Re: Lockup in wait_transaction_locked under memory pressure

Michal Hocko <mhocko@xxxxxxx> · Mon, 29 Jun 2015 11:16:30 +0200

On Mon 29-06-15 12:07:54, Nikolay Borisov wrote:
> 
> 
> On 06/29/2015 11:32 AM, Michal Hocko wrote:
> > On Thu 25-06-15 18:27:10, Nikolay Borisov wrote:
> >>
> >>
> >> On 06/25/2015 06:18 PM, Michal Hocko wrote:
> >>> On Thu 25-06-15 17:34:22, Nikolay Borisov wrote:
> >>>> On 06/25/2015 05:05 PM, Michal Hocko wrote:
> >>>>> On Thu 25-06-15 16:49:43, Nikolay Borisov wrote:
> >>>>> [...]
> >>>>>> How would you advise to rectify such situation?
> >>>>>
> >>>>> As I've said. Check the oom victim traces and see if it is holding any
> >>>>> of those locks.
> >>>>
> >>>> As mentioned previously all OOM traces are identical to the one I've
> >>>> sent - OOM being called form the page fault path.
> >>>  
> >>> By identical you mean that all of them kill the same task?
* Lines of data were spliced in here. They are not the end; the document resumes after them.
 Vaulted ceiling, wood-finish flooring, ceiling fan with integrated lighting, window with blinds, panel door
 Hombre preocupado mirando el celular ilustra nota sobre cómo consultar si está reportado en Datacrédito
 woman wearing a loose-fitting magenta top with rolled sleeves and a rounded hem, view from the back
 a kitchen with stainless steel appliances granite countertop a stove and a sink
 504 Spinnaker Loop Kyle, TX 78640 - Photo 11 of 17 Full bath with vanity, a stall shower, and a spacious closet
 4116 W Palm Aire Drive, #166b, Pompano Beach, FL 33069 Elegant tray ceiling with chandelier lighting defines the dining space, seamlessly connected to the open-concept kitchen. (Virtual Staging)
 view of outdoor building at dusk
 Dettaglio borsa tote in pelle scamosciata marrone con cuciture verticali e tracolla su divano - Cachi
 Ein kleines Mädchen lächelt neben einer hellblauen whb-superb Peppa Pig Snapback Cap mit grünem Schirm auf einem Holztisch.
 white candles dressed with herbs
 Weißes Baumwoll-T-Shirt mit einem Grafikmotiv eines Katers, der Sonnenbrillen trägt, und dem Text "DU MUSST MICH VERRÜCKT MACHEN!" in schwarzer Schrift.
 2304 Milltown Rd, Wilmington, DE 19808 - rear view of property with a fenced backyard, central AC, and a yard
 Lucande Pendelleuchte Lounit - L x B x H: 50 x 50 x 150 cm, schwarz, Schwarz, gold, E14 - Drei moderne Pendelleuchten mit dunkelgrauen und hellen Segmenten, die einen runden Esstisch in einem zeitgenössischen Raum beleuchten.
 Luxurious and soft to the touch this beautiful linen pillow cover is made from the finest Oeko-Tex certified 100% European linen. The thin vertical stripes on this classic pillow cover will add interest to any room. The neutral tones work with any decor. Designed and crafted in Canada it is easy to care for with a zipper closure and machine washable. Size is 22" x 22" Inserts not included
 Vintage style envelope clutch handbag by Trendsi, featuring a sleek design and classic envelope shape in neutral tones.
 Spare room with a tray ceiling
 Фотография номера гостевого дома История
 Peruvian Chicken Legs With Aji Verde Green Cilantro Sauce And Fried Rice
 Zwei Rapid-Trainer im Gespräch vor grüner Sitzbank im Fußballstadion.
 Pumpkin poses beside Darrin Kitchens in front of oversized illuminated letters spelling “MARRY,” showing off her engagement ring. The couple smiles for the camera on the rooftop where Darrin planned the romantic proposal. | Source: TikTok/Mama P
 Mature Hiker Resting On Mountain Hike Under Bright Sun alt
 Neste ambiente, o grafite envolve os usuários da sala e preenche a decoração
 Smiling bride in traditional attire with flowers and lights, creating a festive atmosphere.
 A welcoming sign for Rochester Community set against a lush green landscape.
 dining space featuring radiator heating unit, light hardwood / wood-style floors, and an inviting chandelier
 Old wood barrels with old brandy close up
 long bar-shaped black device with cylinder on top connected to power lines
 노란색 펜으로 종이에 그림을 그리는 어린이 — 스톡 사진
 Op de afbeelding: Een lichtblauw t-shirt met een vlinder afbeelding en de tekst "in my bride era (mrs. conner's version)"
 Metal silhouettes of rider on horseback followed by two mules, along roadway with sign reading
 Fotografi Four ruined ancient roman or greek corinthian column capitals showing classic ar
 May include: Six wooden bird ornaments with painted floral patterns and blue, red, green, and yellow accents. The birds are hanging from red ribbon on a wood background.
Or just that
> >>> the path is same (which wouldn't be surprising as this is the only path
> >>> which triggers memcg oom killer)?
> >>
> >> The code path is the same, the tasks being killed are different
> > 
> > Is the OOM killer triggered only for a singe memcg or others misbehave
> > as well?
> 
> Generally OOM would be triggered for whichever memcg runs out of
> resources but so far I've only observed that the D state issue happens
> in a single containers.

It is not clear whether it is the OOM memcg which has tasks in the D
state. Anyway I think it all smells like one memcg is throttling others
on another shared resource - journal in your case.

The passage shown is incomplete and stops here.